In India, protests took place at Pondicherry University, Bangalore University, University of Hyderabad, Aligarh Muslim University, University of Mumbai, Delhi University, Ambedkar University, Banaras Hindu University, Chandigarh University, National Law University in Bengaluru, Savitri Bai Phule University in Pune, TISS Mumbai, Jadavpur University, Presidency University, Kolkata and IIT Bombay.

Students staged peaceful marches to register their protest against the violence on the JNU campus with hashtag "SOSJNU" trending on social media.

"Today it is them, tomorrow it can be us. Violence in any form is condemnable. We stand by our friends in JNU," Raiza, a Pondicherry University student said.

Students at Oxford university, Columbia University and University of Sussex also staged silent marches holding posters demanding safety of students on campus.

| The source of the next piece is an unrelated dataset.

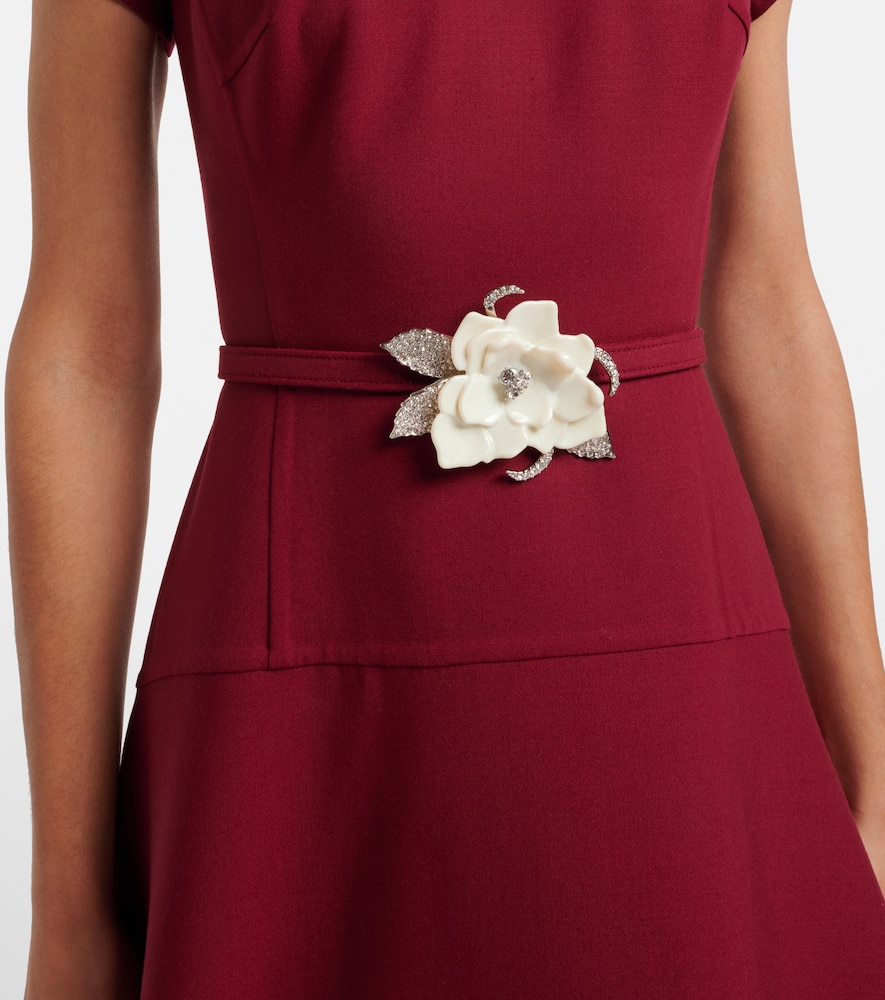 Oscar De La Renta Floral-appliqué Wool-blend Crêpe Maxi Dress In Burgundy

In Nepal, JNU alumni gathered at Maitighar Mandala in Kathmandu to protest against the violence on campus.

In Mumbai, the protest by students at the Gateway of India that started at midnight continued with more people flocking at the iconic monument to express solidarity with students. Maharashtra minister Jitendra Awhad of NCP joined the students at the protest and sat with them to discuss their demands.

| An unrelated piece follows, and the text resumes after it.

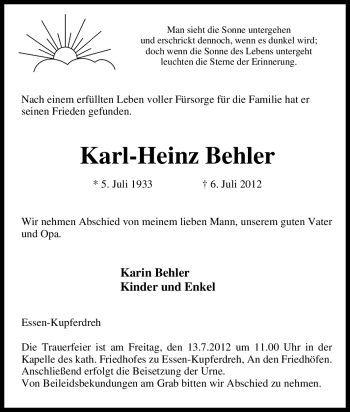 Traueranzeige von Karl-Heinz Behler von Tageszeitung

"When people begin to fear intellect, there is anarchy," the minister told reporters as students shouted slogans condemning the violence.

Students of the Film and Television Institute of India in Pune also staged a demonstration outside the FTII gate, holding banners with messages like - 'FTIIstands with JNU, condemns the violence of ABVP Goons'.

A day after the violence in JNU, some students at Panjab University disrupted the address of Haryana Speaker Gian Chand Gupta. Carrying banners, the students belonging to some Left-leaning student bodies, shouted slogans against the BJP, RSS and the ABVP when the Haryana speaker was addressing during a seminar.

Students' unions of the Jadavpur University affiliated to the AISA and the SFI are slated to march towards the ABVP state office in Maniktala area of Kolkata on Monday while students of the Presidency University would also take out a procession from their campus.

As horrific first-person accounts emerged of the attack on Sunday evening, including on JNU students union president Aishe Ghosh, Delhi Police said no arrests have been made and that they have transferred the case to the Crime Branch, who claimed to have found "vital clues."

Politicians of all parties condemned the violence. The opposition and JNU students blamed the ABVP, the students' wing of the BJP for the violence, and accused the Delhi Police of inaction. The BJP said campuses should not become political battleground.

On Sunday, a mob of masked young people stormed the JNU campus in south Delhi and systematically targeted students in three hostels, unleashing mayhem with sticks, stones and iron rods, hitting inmates and breaking windows, furniture and personal belongings. They also attacked a women's hostel.

Also Monday, Union Home Minister Amit Shah talked to Delhi Lieutenant Governor Anil Baijal and the HRD ministry to take stock of the volatile situation.

With no face to Sunday night's terror, videos of which did endless rounds of social media and news channels, the tide of anger showed no signs of ebbing.